Twelve months later, by which time Mosley had usurped Balestre as FIA president, Senna admitted he crashed into Prost deliberately. Mosley gives two reasons why he did not punish Senna: Mosley claims he was not politically strong enough, and states he had defended the race director of the 1990 Japanese Grand Prix, John Corsmidt, when Balestre attacked Corsmidt over the second collision.

The Schumacher collisions

If Mosley did want to punish drivers who won world championships by crashing into their rivals, then why did he not punish Schumacher for colliding with Damon Hill in 1994? He cites ‘mitigating circumstances’ but it’s not clear what they are.

When Schumacher tried the same thing on Villeneuve in 1997 he was punished, but there was another crucial difference – he failed to take Villeneuve out and lost the championship anyway. (See video of the Senna, Prost, Schumacher, Hill and Villeneuve incidents.)

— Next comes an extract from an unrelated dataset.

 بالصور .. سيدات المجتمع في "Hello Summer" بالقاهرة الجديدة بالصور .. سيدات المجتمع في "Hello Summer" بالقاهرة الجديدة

Many commentators (myself included) saw Schumacher’s punishment of disqualification from the 1997 championship as a meaningless slap on the wrist – why would he care about losing second place? But that changes if we believe Mosley would have applied the same punishment had Schumacher successfully taken Villeneuve out – i.e. Mosley would have stripped the world champion of his title.

Why no appeal in ’94?

Perhaps by ‘mitigating circumstances’ Mosley means the lack of an appeal from the Williams team after the 1994 collision. Following the controversy at Monaco last year, Williams stalwart Patrick Head shed some light on why they didn’t appeal at the time:

As far as Australia 1994 is concerned, Monaco 2006 doesn’t really make any difference. And that’s because, that day in Adelaide, we at Williams were already 100% certain that Michael was guilty of foul play. It was so blatant.

He was about to drive his stricken Benetton up the slip-road when he spotted Damon’s Williams about to pass him and abruptly veered across the track to prevent that happening.

We seriously considered lodging a formal protest there and then, on the grounds that it had been so blatant, but decided against it simply because of what had happened earlier in the year.

Because 1994 was the terrible year it was – in other words, because Ayrton Senna had been killed in one of our cars at Imola – we didn’t really think it would have been right for Damon to win the world championship that year, especially if he’d done so in court, so we didn’t protest.

But had it been any other year – or had Ayrton not been killed in one of our cars – then most certainly we’d have lodged a formal protest on the very grounds on which Michael was found guilty at Monaco in ’06.

This year’s championship is getting increasingly tense and controversial. It would be a shame to see it end in an acrimonious and cynical take-out – but if it did, should the FIA step in to award the title to the wronged driver?

I think they should. For the credibility of F1, I think they would have to.